- _Brief_: From the line containing "Anillo de platino" down to the line containing "聯上世界高樓層４房雙車位房屋室內格局與周邊環境", copy out the entries below exactly, both lines included, and nothing else; pictures do not belong in the copy.

- _Supplied entries_:
+ + + +

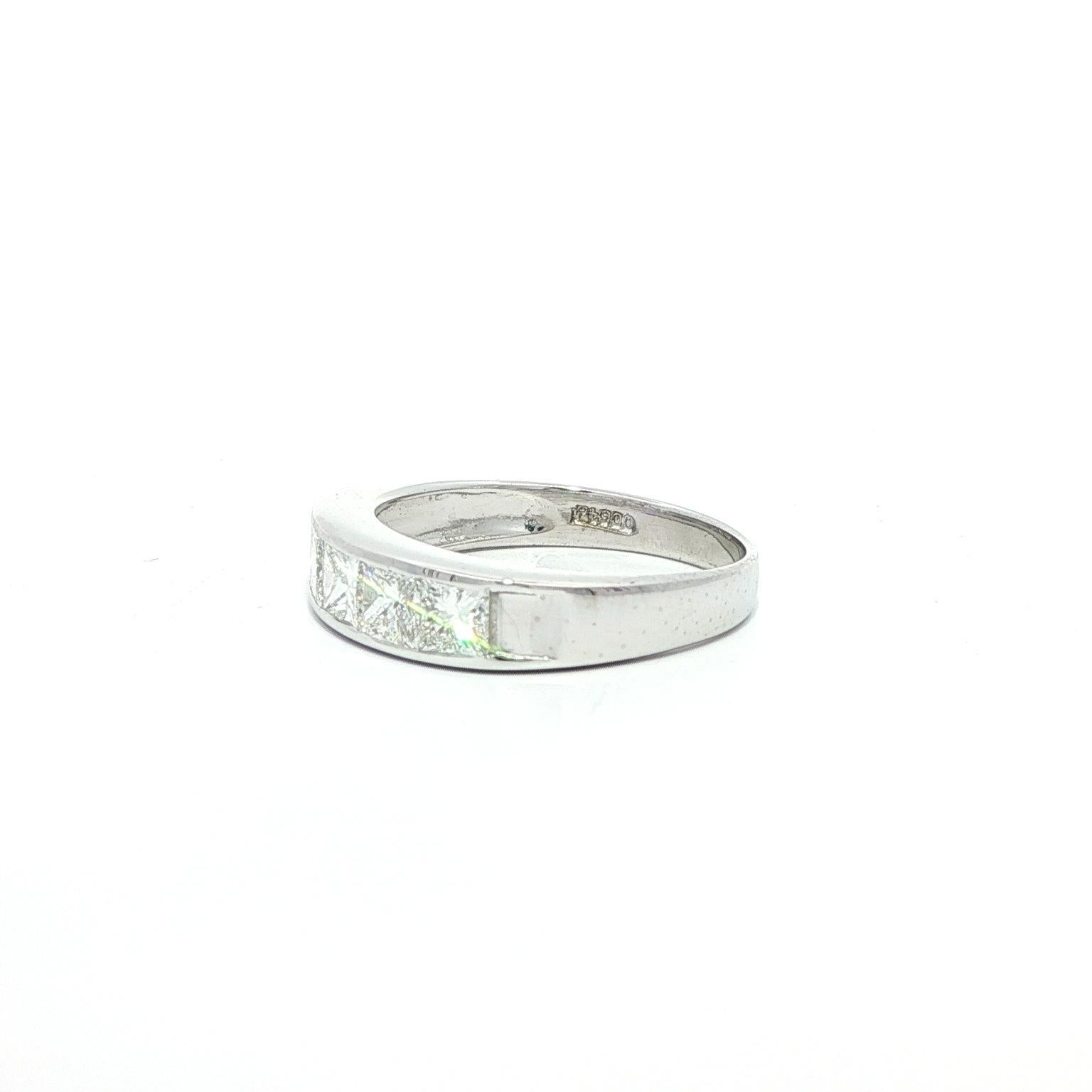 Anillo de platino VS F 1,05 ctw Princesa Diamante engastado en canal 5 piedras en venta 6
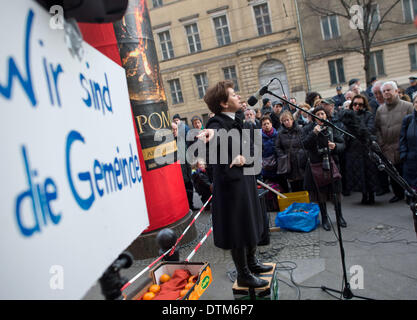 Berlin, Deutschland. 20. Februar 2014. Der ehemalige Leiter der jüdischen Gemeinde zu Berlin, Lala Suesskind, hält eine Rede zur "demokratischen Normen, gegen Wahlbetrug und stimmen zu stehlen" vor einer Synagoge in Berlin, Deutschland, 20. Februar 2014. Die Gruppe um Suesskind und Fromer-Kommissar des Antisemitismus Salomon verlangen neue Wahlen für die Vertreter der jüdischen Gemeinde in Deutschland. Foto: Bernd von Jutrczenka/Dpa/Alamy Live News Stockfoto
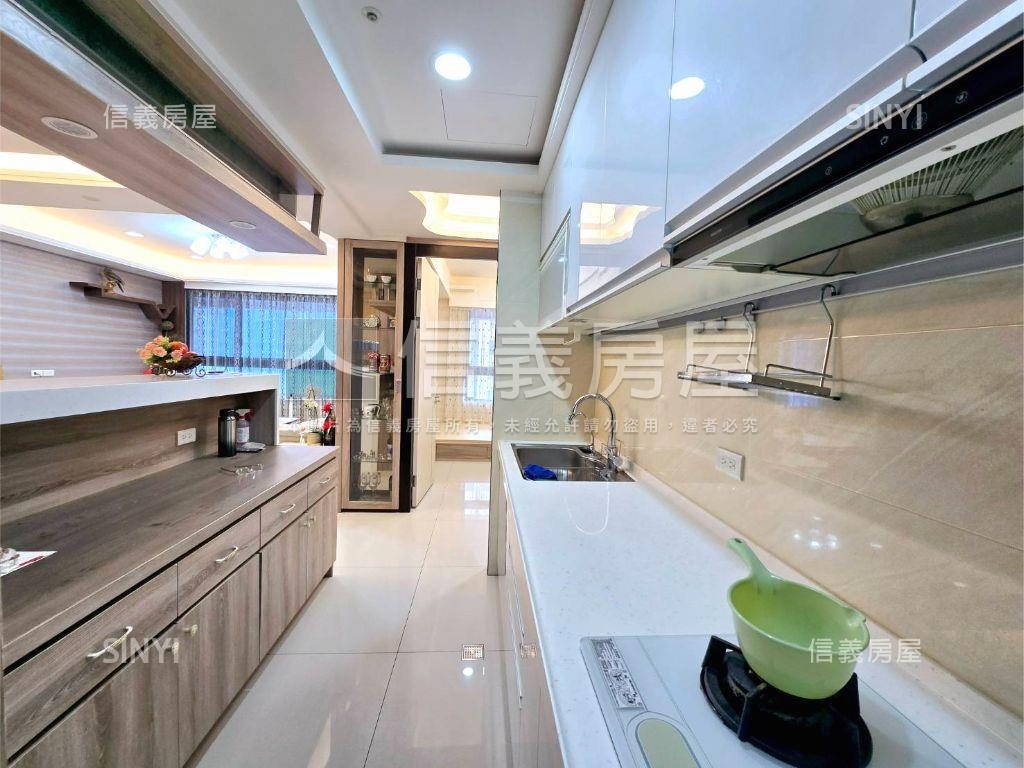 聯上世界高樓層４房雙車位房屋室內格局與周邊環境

+ + + +

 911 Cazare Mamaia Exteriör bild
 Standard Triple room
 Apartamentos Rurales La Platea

+ + + +

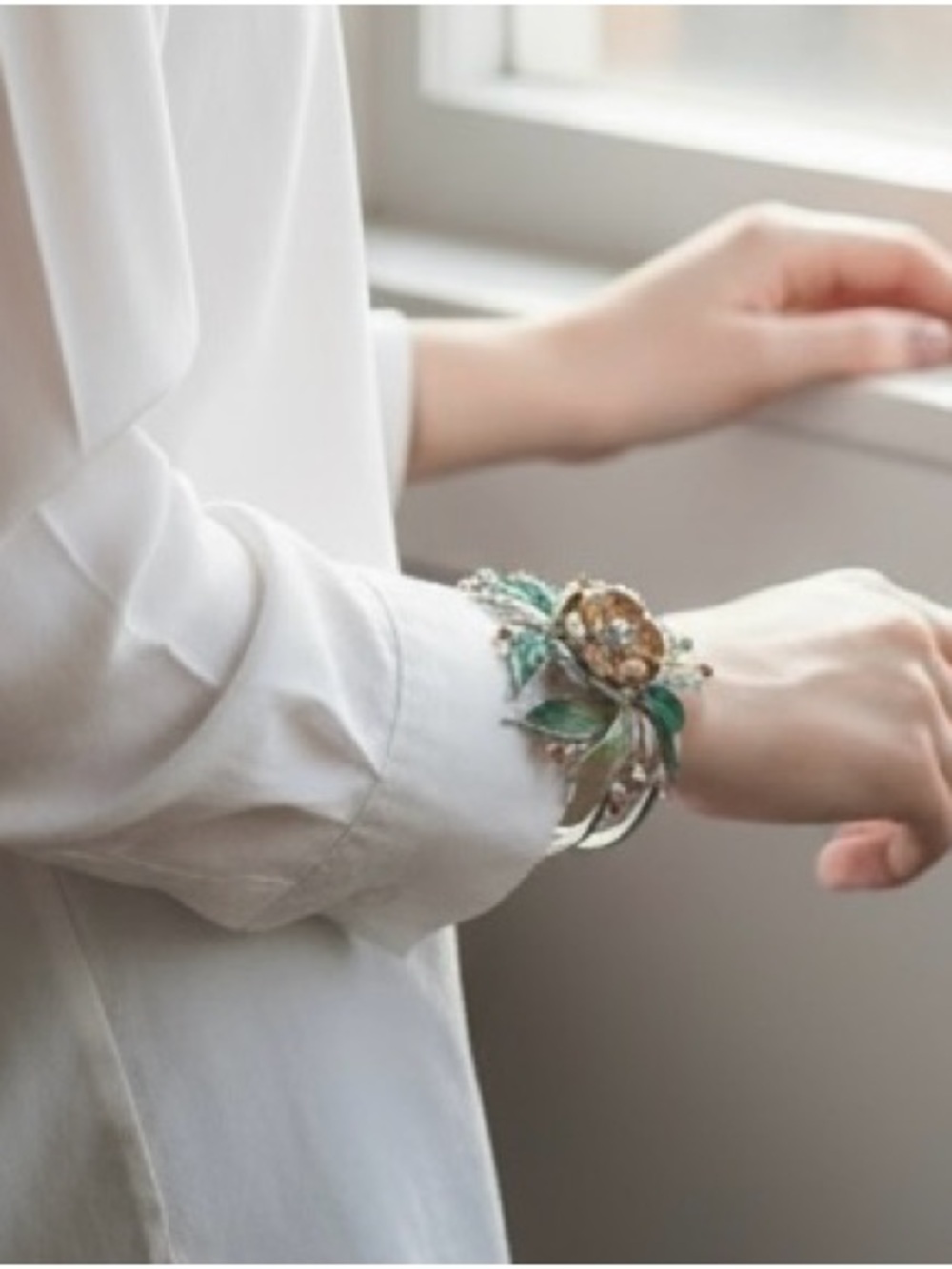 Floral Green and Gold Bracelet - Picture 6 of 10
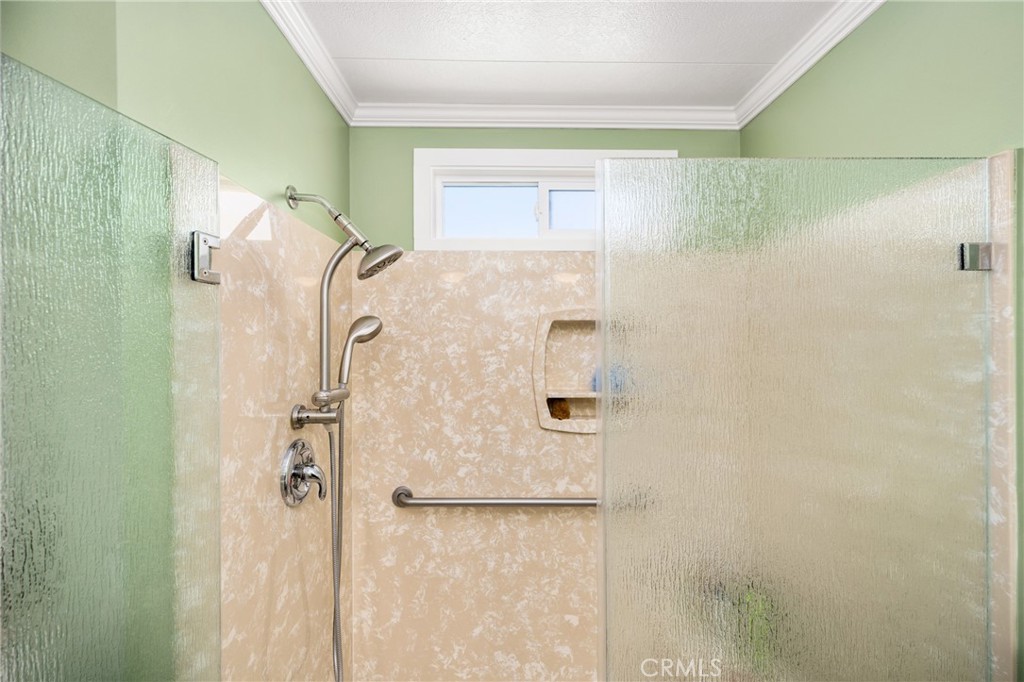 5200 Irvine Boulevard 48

+ + + +

- _Response to the exercise_:
 Anillo de platino VS F 1,05 ctw Princesa Diamante engastado en canal 5 piedras en venta 6
 Berlin, Deutschland. 20. Februar 2014. Der ehemalige Leiter der jüdischen Gemeinde zu Berlin, Lala Suesskind, hält eine Rede zur "demokratischen Normen, gegen Wahlbetrug und stimmen zu stehlen" vor einer Synagoge in Berlin, Deutschland, 20. Februar 2014. Die Gruppe um Suesskind und Fromer-Kommissar des Antisemitismus Salomon verlangen neue Wahlen für die Vertreter der jüdischen Gemeinde in Deutschland. Foto: Bernd von Jutrczenka/Dpa/Alamy Live News Stockfoto
 聯上世界高樓層４房雙車位房屋室內格局與周邊環境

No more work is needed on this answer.